Now I’m in advertising, which I never thought would happen! I just started full time as Content Director at a creative agency, RAXO. That’s the day job, and one that I really love. I needed it for my mental health because I wanted to make sure that I could preserve the authenticity and real connection to everything that I’m building on my own, and not need to make money off it. Always staying real is important to me. Making money is important to me too, but it all needs to align. Now that I’m working within an agency, I’m growing so much and learning to be even better at all the things I was already good at—as well as being schooled on a bunch of stuff that I had no idea about! I’m studying and incorporating skills from the best in the industry and able to bring it back into my communities.
I’m also really grateful for how supportive my team is of my work outside.

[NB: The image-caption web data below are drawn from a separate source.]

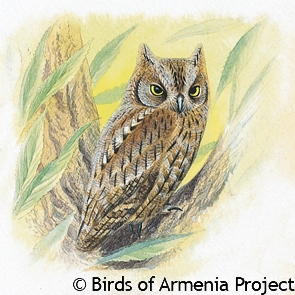 Eurasian Scops-owl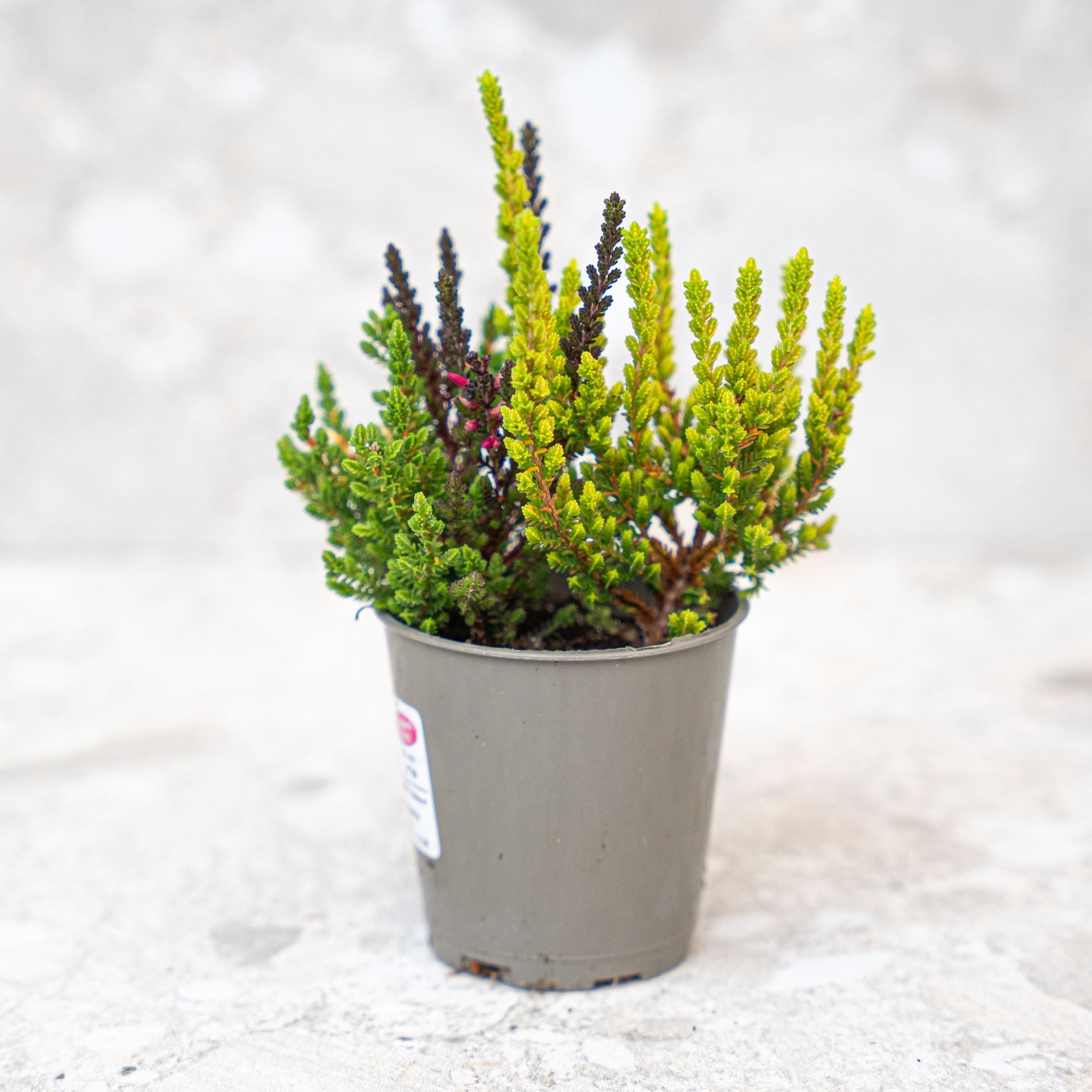 Calluna Vulgaris - Garden Girls 'Sunset Girls' - Mini
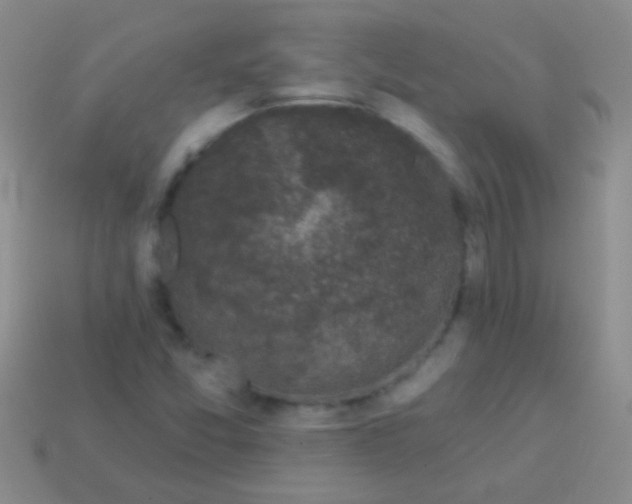 X0000113611357200910161919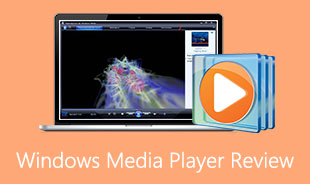 Revizuirea Windows Media Player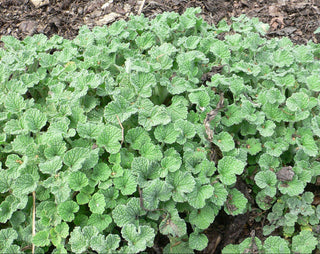 horehound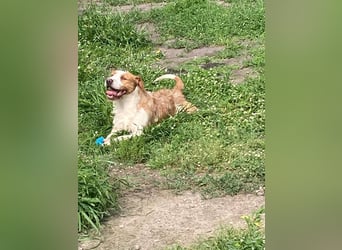 Terrier-Mix Max, ein junger, aktiver Bursche, auf der Suche nach seinen Lieblingsmenschen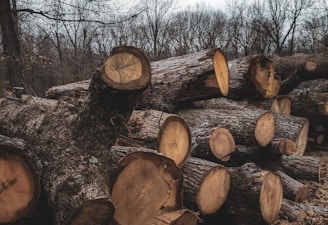 Large logs are piled in a wooded area under an overcast sky. The logs show the circular patterns of cut tree trunks, with rough bark still visible on the outside. Bare trees fill the background, suggesting a winter or late autumn setting.
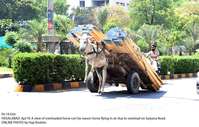 Filename=Pic19-024~23.jpg
Filesize=369KiB
Dimensions=2048x1308
Date added=Apr 19, 2020 Pic19-024~23.jpg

My dad was always worried that no one would hire me because of what would come up on the internet when you googled me, and I feel like I found my people in this agency, and I’m grateful. RAXO is 95% people of color, with a Latina founder and Afro Latino Creative Director. That’s like, a huge deal. Every day I’m stunned that I found the one colorful agency in a space so totally whitewashed. I’m extremely motivated to see how I can keep changing things and moving things forward from the inside-out, and am so glad to have everyone I work with on board for the same mission.

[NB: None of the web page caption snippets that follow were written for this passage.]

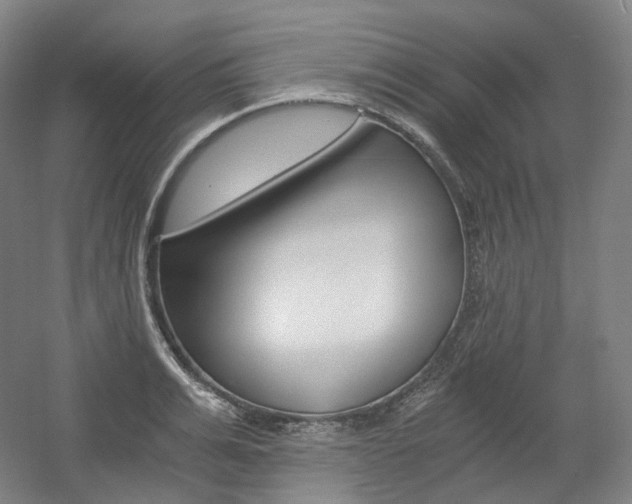 X0000056030991200508190947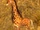 Giraffe Calf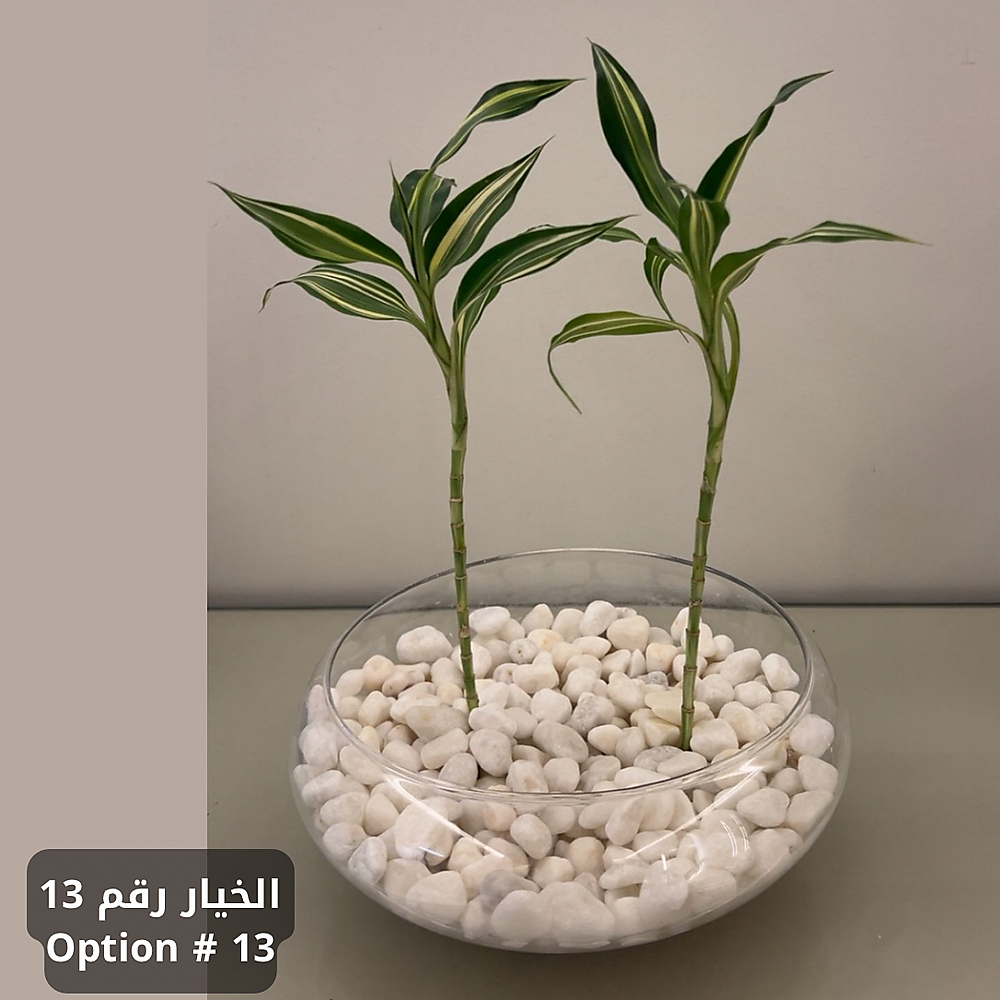 الخيار رقم 13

Representation is a major theme for me. I was a producer for a big media company before going freelance, and I was always trying to incorporate different identities, different bodies, different voices into all of my work. And I was, and am, trying to fight for them. It’s exhausting because brands and companies say they want it, but no one’s willing to put in the work to do it.

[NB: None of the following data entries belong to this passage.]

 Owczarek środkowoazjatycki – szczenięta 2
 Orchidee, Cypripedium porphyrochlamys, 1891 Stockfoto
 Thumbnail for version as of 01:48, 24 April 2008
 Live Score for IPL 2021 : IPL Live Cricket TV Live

But we out here. That’s all I know.
Arielle, what makes you feel powerful?
Wearing gold hoops makes me feel so powerful, which maybe sounds silly, but it’s true! It makes me feel so connected to all my identities. I put them on, and I think, “yes.” No matter what happens today, I am going to get through it, I am going to remember who I am, I am going to stand up for myself, which isn’t always easy. I have a post-it note on my mirror, which I repeat to myself every morning after I shower. It says: “I love you body, I love you mind, I love you spirit. I support you in every decision you make today and every day. I love you.” I’ve been doing that for the last eight months or so, and I’ve noticed, maybe in the last two months, how much doing this has actually shifted me. If I am there being my friend, and telling myself that I’ve got my back no matter what, even if no one else has my back, I do! It’s amazing. And then I put my gold hoops on, and I’m going to walk into that meeting! I’m going to ask for what I want.
I still get nervous. People definitely have preconceived notions about me, like, you don’t have sex all the time? Why aren’t you yelling at that person because they said something problematic? But I’m still moving and working through everything, and I’m still a human being! I have so much insecurity, just like everyone else. Sometimes the stuff I’m saying online, when it’s snappy or bitchy or whatever, really I am just talking to myself and trying to remind myself that I can do that, too. My gold hoops just bring that out in me a little more and remind me more, and make me feel more confident. It’s also a strange ancestors thing; all these women before have fought so hard for me to be where I am today, just surviving. I don’t want to let them down. I don’t want to let myself down, or let down all the people coming after me. Somehow the hoops incorporate that.